+***************************************************************************
+\f
+ Protocol, and functions of the script
+
+ 1. Script interpreter will be spawned apparently as normal;
+ should run synchronously in the normal way until
+ "initialisation complete" point. At initialisation complete:
+
+ 2. Env var PREFORK_INTERP contains:
+
+ v1,SECS.NSECS[,...] LISTEN,CALL,WATCHE,WATCHI[,...][ ...]
+
+ To parse it: split on ASCII space (or any whitespace), taking
+ first two words. There may or may not be further "words".
+ Then split each of the first two words on comma,
+ again taking the initial items as specified.

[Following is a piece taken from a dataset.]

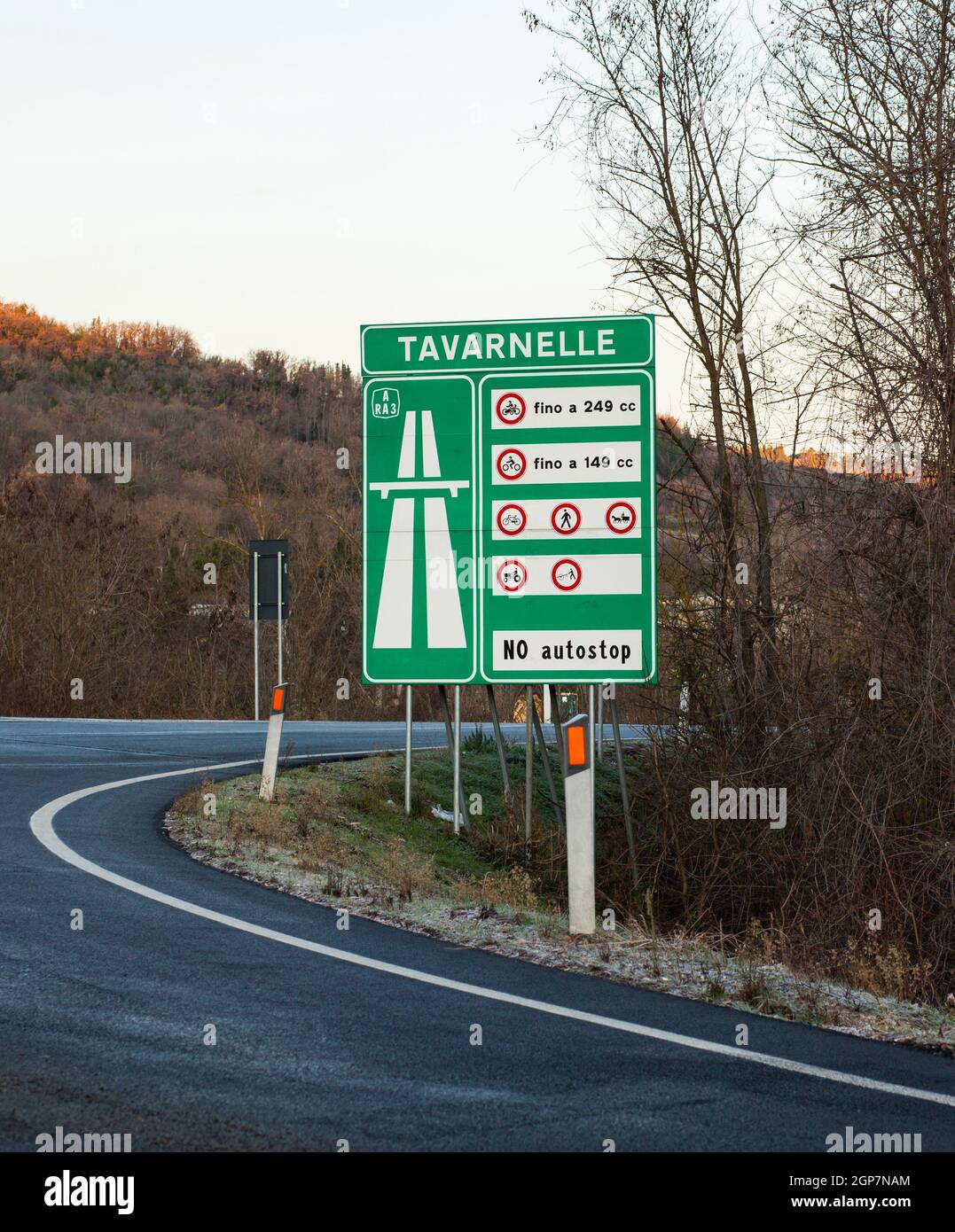 Tavarnelle Val di Pesa, Toscana, non pagato autostrada strada di collegamento. Foto Stock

The items are:
+
+ v1 Protocol version indicator - literal. If something else,
+ fail (installation is incompatible somehow).
+
+ SECS.NSECS
+ timestamp before script started running, as a decimal
+ time_t. NSECS is exactly 9 digits.
+ To be used for auto reloading.
+
+ These items are file descriptors:
+
+ LISTEN listening socket nonblocking
+ CALL call socket for initial call blocking
+ WATCHE liveness watcher stderr nonblocking
+ WATCHI liveness sentinel unspecified
+
+ 3. Library should do the following:
+
+ 1. Read and understand the PREFORK_INTERP env var.
+ If it is not set, initialisation complete should simply return.
+ This allows simple synchronous operation.
+
+ 2. Open syslog
+ 3. fork/exit (fork and have parent exit) (to make server)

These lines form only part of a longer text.